Import_vcf from an ugly file, FORMAT issues

So, I have a 80 GB VCF file that I understand now has lots of messy data. The FORMAT is GT:AD:DP:GQ:PGT:PID:PL but I was told that only GT:AD matter. When importing, it is always failing thanks to PGT (5th field), sometimes it was empty (then I used find_replace=('::',':.:'), neaty!), but my last try threw that:

is.hail.utils.HailException: merged2.vcf.gz:column 1011: invalid character ',' in integer literal
... . ./.:0,0:0:0:.:.:. 0/0:35,0:35:63:0,63,945:.:. ./.:0,0:0:0:.:.:. 0/0:23 ...
                                        ^

I have this FORMAT definition:

##FORMAT=<ID=PGT,Number=1,Type=String,Description="Physical phasing haplotype information, describing how the alternate alleles are phased in relation to one another">

I’ve checked VCF doc, just in case.
I’m doing:

hl.import_vcf('gs://....vcf.gz',min_partitions=200,force_bgz=True,array_elements_required = False,find_replace=('::',':.:')).write("gs://...out..mt", overwrite=True)

Anyway to circumvent this issue, or better, importing only GT:AD ?
Many thanks in advance, Alan

Do all of the PGT fields have 3 comma separated values? Or does the number of values vary?

If you set PGT's format to Number=. thus indicating its a variable length array, does it read correctly?

@johnc1231 Sometimes it’s empty (’::’), so I use find_replace=('::',':.:') to address these cases.
@danking, do you mean change the vcf.gz file? Sorry, I understand and can try what you mean, just don’t know where to apply it.

Yeah, I mean modify the header of the VCF. It looks like your PGT is an array of integer, you should be able to parse that correctly with this header line:

##FORMAT=<ID=PGT,Number=.,Type=String,Description="Physical phasing haplotype information, describing how the alternate alleles are phased in relation to one another">

Though, I must admit I don’t know how to interpret [0, 63, 945] as a phased genotype.

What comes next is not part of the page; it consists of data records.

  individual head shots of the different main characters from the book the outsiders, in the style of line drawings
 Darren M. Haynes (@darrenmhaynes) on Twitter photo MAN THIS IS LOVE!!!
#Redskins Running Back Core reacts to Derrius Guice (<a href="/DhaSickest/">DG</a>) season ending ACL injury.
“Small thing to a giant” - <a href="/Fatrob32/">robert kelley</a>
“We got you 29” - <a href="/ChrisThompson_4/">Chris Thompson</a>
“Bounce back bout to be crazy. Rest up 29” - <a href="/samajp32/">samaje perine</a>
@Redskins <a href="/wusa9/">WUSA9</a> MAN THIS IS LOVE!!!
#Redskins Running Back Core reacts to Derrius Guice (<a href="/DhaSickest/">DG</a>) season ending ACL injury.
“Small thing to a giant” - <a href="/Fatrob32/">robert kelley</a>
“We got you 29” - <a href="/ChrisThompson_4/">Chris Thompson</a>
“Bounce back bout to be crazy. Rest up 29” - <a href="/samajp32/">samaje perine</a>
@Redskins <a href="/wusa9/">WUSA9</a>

And I don’t need it either, so told me my collaborator, who created these file 2 years ago.
I’m reading the import_vcf docs hoping to understand what can I do with parameter call_fields. Could it work? Examples?

call_fields let’s you parse more fields as calls, but I don’t think it will let you skip a bad field. It still needs to parse as something.

I think I’d try to get find_replace working with regexps. Probably you can match your genotype records with:

([^: ]*):([^: ]*):([^: ]*):([^: ]*):([^: ]*):([^: ]*):([^: ]*)

Then you can just select out the ones you want:

\0:\1

The patterns should follow https://docs.oracle.com/javase/8/docs/api/java/util/regex/Pattern.html.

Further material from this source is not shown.